= WHAT TO PRODUCE =
Would you transcribe only the lines below, from the one containing "Bmw 3 Series" through the end of the material, exactly and with no pictures?

= SOURCE DATA =

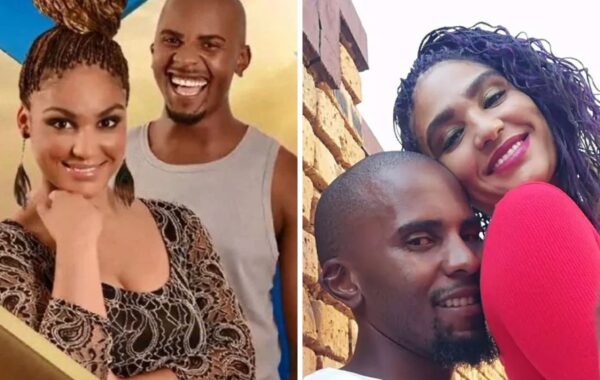 Big Brother Mandla And Lexi: Where Are They Now?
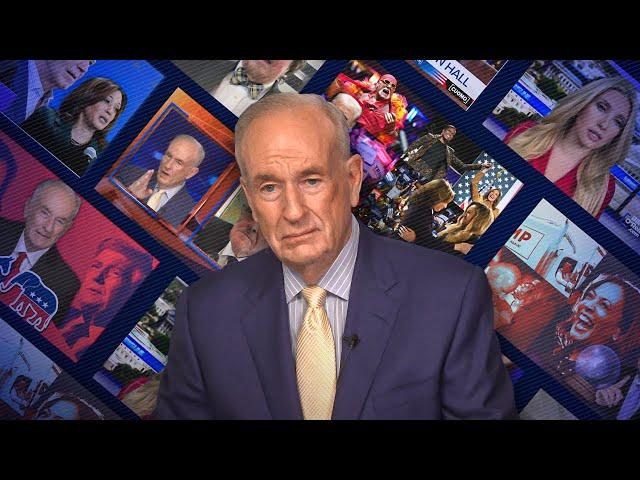 Highlights from BillOReilly.com’s No Spin News | November 1, 2024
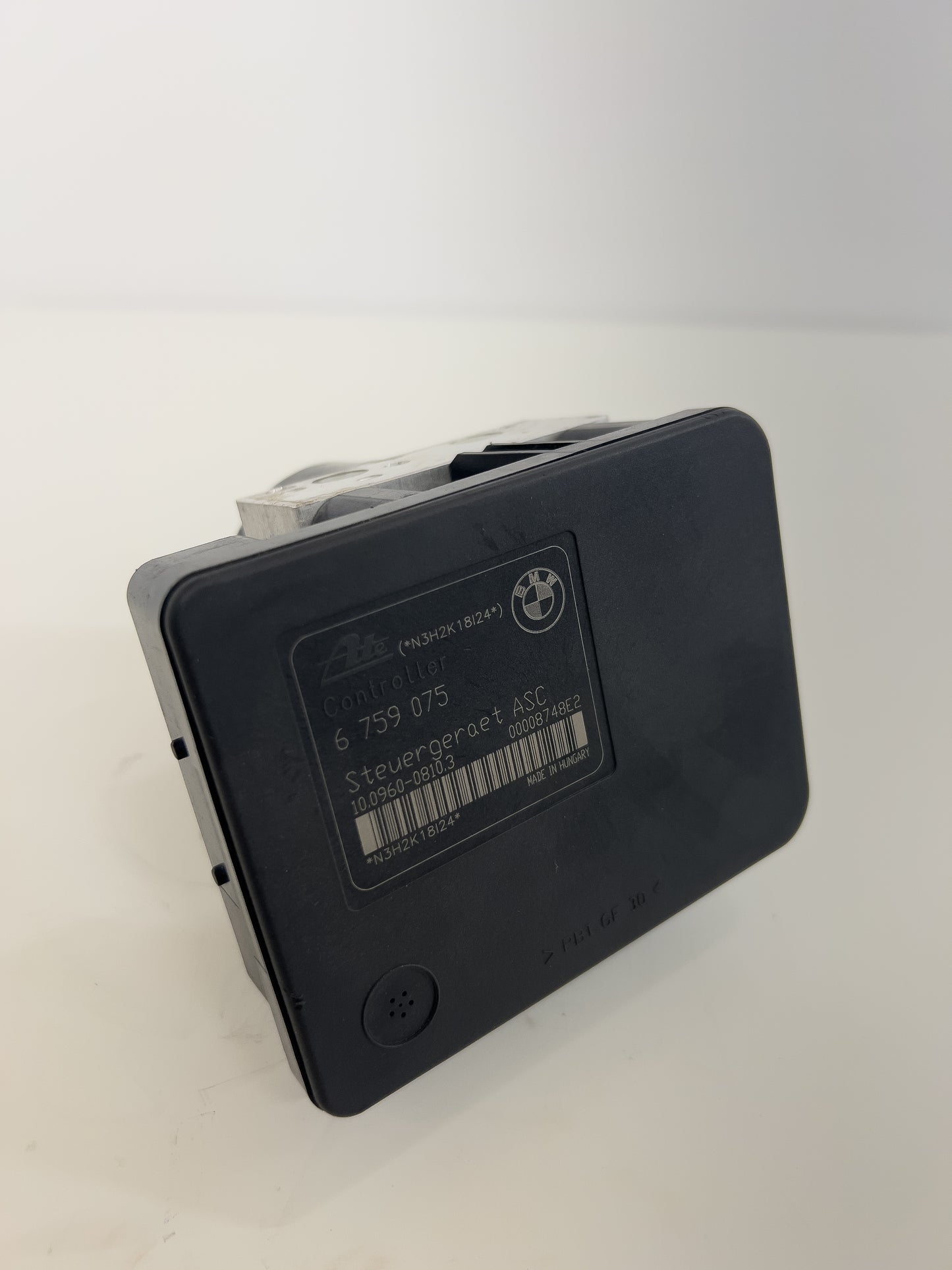Bmw 3 Series E46 -  ABS Pump & DSC Control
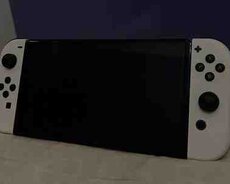 Nintendo Switch  OLED Model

= TASK SOLUTION =
Bmw 3 Series E46 -  ABS Pump & DSC Control
 Nintendo Switch  OLED Model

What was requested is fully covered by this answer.